Pleinement vivant à sa place, clairement guidé & solidement ancré

Laisser partir nos conditionnements de survie
nécessite de nouvelles reliances et une révision de nos fondements afin de ne pas se retrouver en perte de repères et en insécurité, ce qui nous ralentirait, voir nous stopperait dans notre évolution

Évolution humain c’est donc remplacer peu à peu le réactif par le créactif. Ainsi en restant dans la bienveillance, la cohérence avec ce que nous sommes à chaque instant, nous pouvons nous déployer de façon resplendissante et sensée.

Cela passe par de continuelles mises à jour
afin d’ajuster notre façon d’être de l’instant
avec ce qu’il y a en soi nouveau et d’ancien.

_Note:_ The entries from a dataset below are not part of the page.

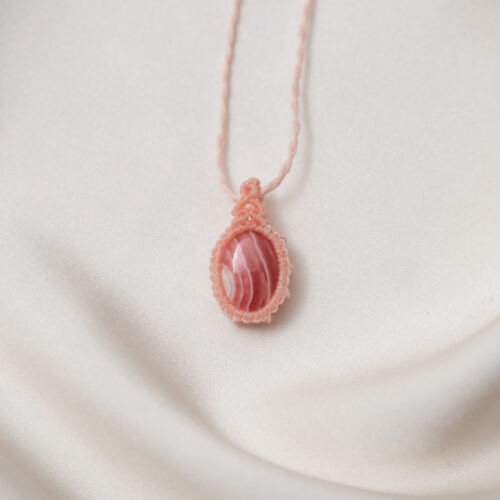 Rhodochrosit – Der Edelstein der Lebendigkeit und Gefühle 🌊🔥 Ich spüre meine Lebenskraft und handle aus dem Herzen. Der Rhodochrosit schenkt Mut, die eigene Gefühlswelt zuzulassen – mit all ihren Höhen und Tiefen. Er verbindet dich mit deinem inneren Feuer, stärkt die Lebensfreude und weckt den Entdeckergeist in dir. Gleichzeitig hilft er, emotionale Blockaden zu lösen und offen zu kommunizieren. Ob in Zeiten des Umbruchs oder wenn du einfach wieder mehr Freude und Bewegung in dein Leben bringen möchtest – dieser Stein bringt Schwung, Klarheit und Herzenergie. ✨ Themen: Mental: Stimmung, Fokus, Kommunikation, Emotionen, Aktivität, Abenteuerlust Chakra: Herzchakra, Wurzelchakra Element: Wasser, Erde Sternzeichen: Widder, Skorpion 🗿 Mineralogische & historische Fakten: Rhodochrosit ist ein manganhaltiges Karbonatmineral mit rosa bis rotbrauner Farbe. Schon die Inka verehrten ihn als heiligen Stein des Herzens. Sein Name stammt aus dem Griechischen: „rhodon“ = Rose, „chrosis“ = Farbe. Rhodochrosit wird mit dem Loslassen alter Muster und dem Zugang zu verborgenen Emotionen assoziiert. In der Steinheilkunde gilt er als stark aktivierender Begleiter für Mut, Lebenskraft und Selbstliebe. ☝🏼 Details zum Edelstein Schmuck Naturstein – daher kann der Edelstein von den Bildern abweichen. Größe Anhänger mit Makramee: 20 x 11 mm Länge der Kette: maximal 61 cm, verstellbar mit einem Makramee Schiebeknoten mit Liebe und Intuition handgemacht 💜
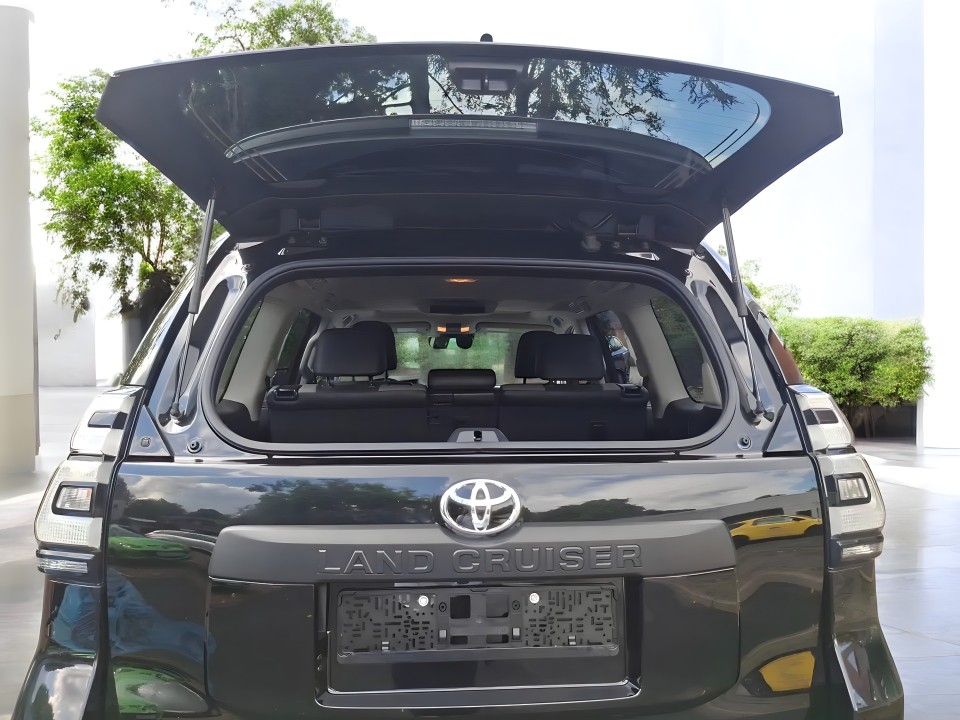 Toyota Land Cruiser Executive - foto 16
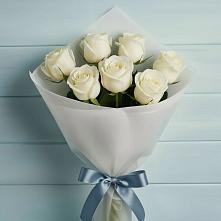 Букет 7 Белых роз Эдлесс Лав в Корфовский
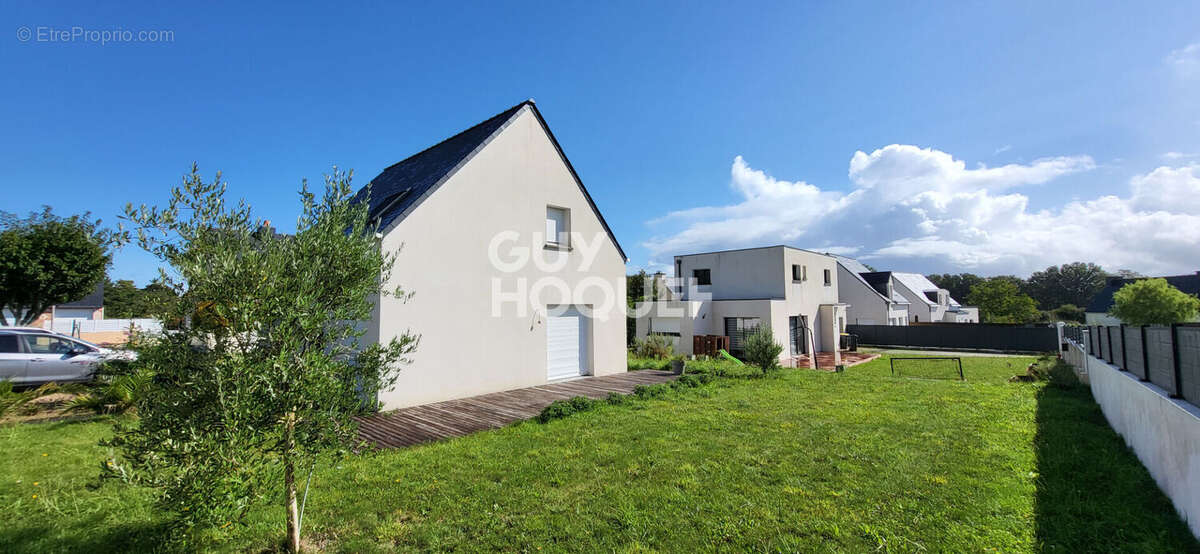 Maison à LOCMARIA-GRAND-CHAMP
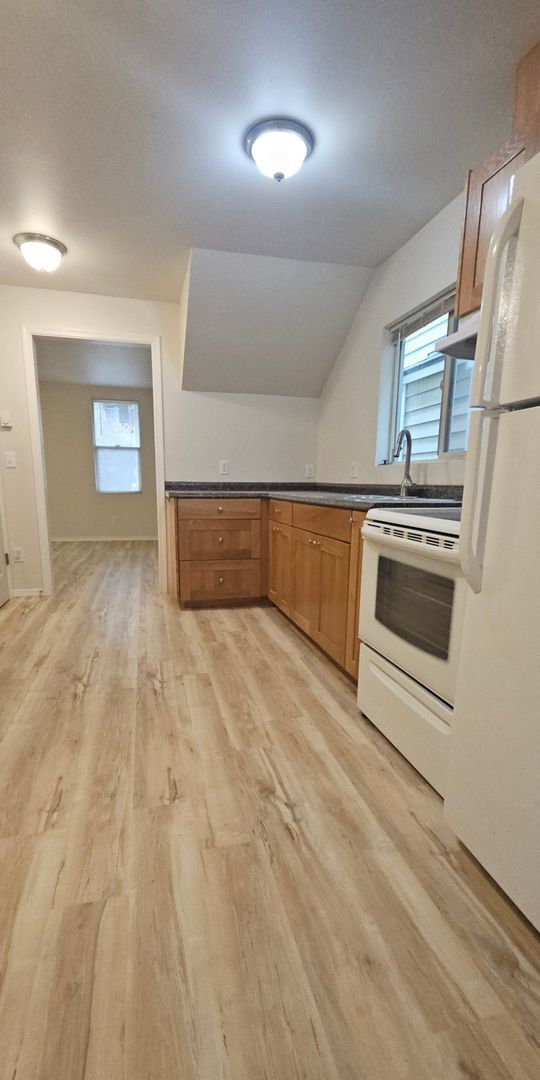 Building Photo - Newly Renovated Duplex in CID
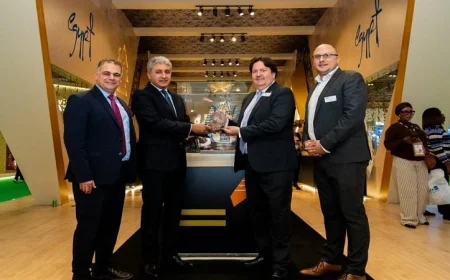 وزارة السياحة والآثار تعلن فوز الجناح المصري بجائزة تصميم الأفضل في بورصة لندن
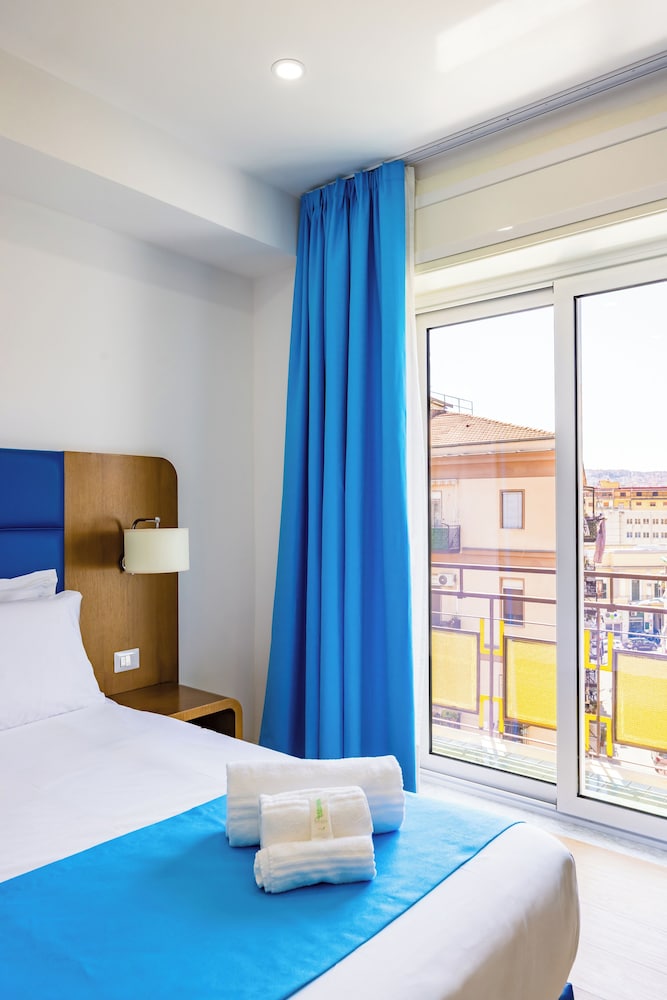 Carlo III guest house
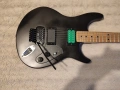 Електрическа китара Behringer Super Strat style в отлично състояние., снимка 2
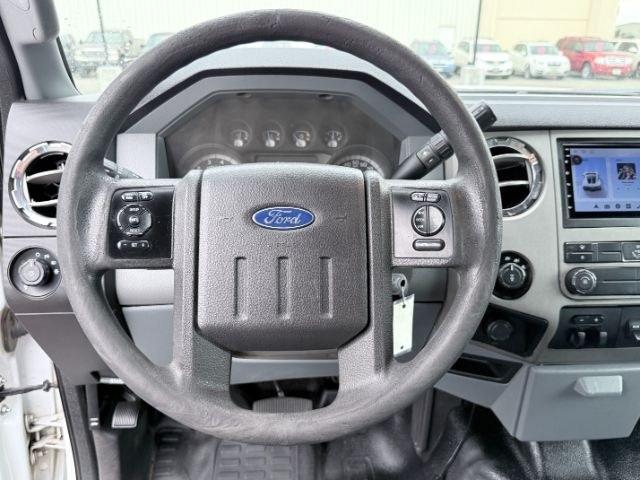 2015 WHITE /CLOTH Ford F-250 (1FT7W2B60FE) with an 62 V8 engine, Automatic transmission, located at 1175 N Woodruff Ave, Idaho Falls, ID, 83401, 43.506901, -111.999657 - This 2015 Ford F-250 Super Duty Crew Cab 4x4 is powered by a 6.2L V8 gas engine built for towing, hauling, and heavy duty use. The 3/4 ton platform gives it the strength needed for trailers, equipment, and demanding workloads while still keeping a usable crew cab layout for passengers. Four wheel dr- Photo#36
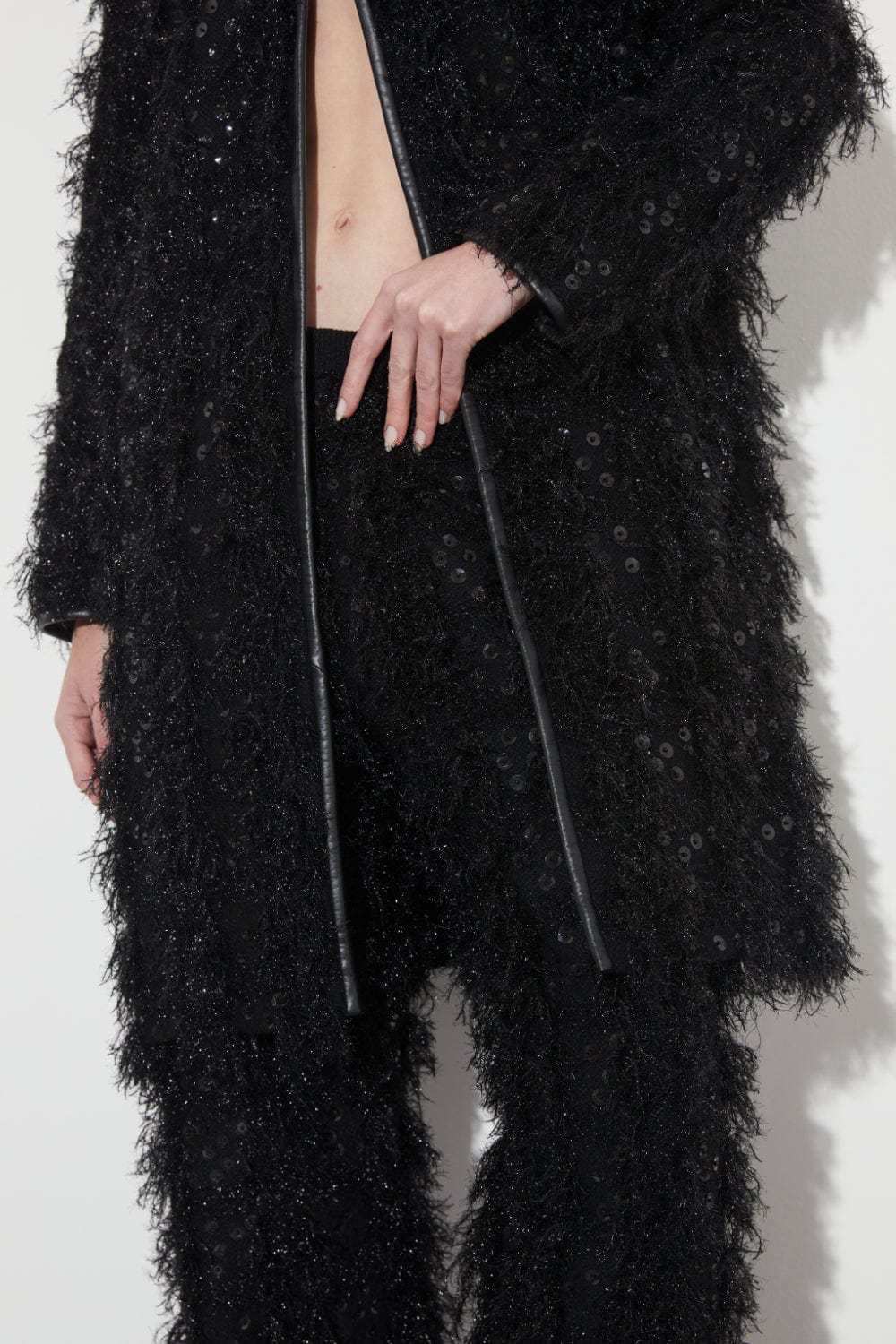 Coven - Calça Reta Tricot Franjado e Bordado Preto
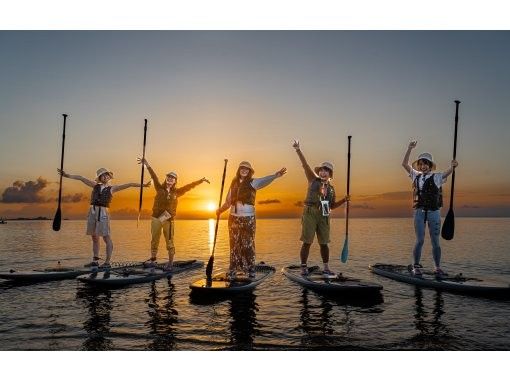 [Limited to one group per day - SUP/Kayak] Ishigaki Island's first! Superb sunset & natural monument mangrove drone and SLR camera photography included! Guided by a professional island photographer!の画像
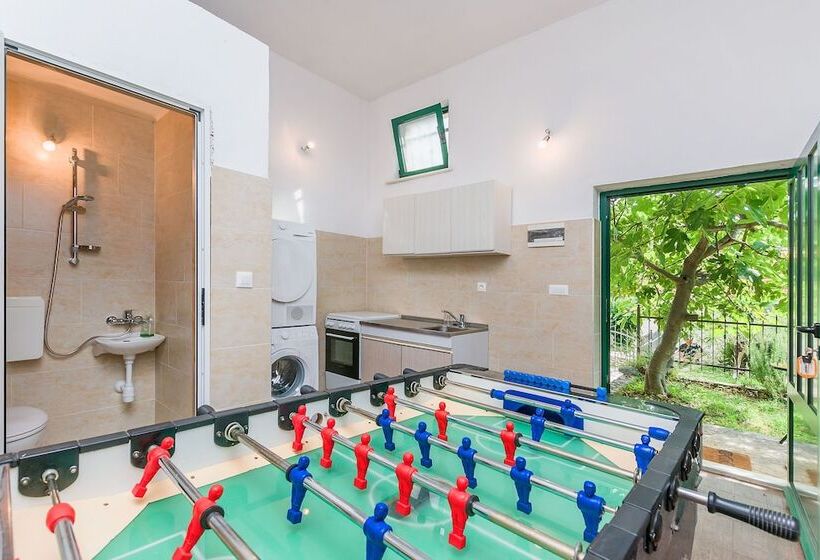 Villa Holiday Home Zvečanje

  • C’est de se familiariser à d’autres façons, plus puissantes, d’être guidé de façon plus fluide et plus juste,
  • C’est continuellement nettoyer de notre vision de tout parasites, polluants, fantômes appartenant au passé et avoir ainsi les yeux rivés vers ce qui nous allume, car avancer c’est regarder vers l’avant,
  • C’est décider de ne plus laisser le besoin de réparation nos souffrances brouiller notre vision et nous empêcher d’y voir parfaitement clair,
  • C’est libérer nos envies et nos aspirations des conditionnements du passé nous privant de la liberté d’Être,
  • C’est redonner à notre passé tout sa place de fondement et de base sur laquelle s’appuyer pour se propulser,
  • C’est à chaque moment vivre l’amour dans l’évidence que ce que nous sommes est juste et à sa place,
  • C’est laisser le mouvement de Vie de faire en soi avec fluidité et simplicité,

L’état expansé de conscience par la vibration
est ce que j’ai expérimente de plus puissant et de plus intense
 pour nous accompagner et nous porter 
dans ce type de mises à jour, d’explorations, de renouvellements et de nettoyages

L’exploration de perceptions et de l’expension de Soi

  • ouvrent de nouvelles perspectives,
  • amènent à percevoir de nouvelles réalités​,​
  • apportent un regard neuf nous libérant ainsi d’états d’être désuets, périmés et obsolète.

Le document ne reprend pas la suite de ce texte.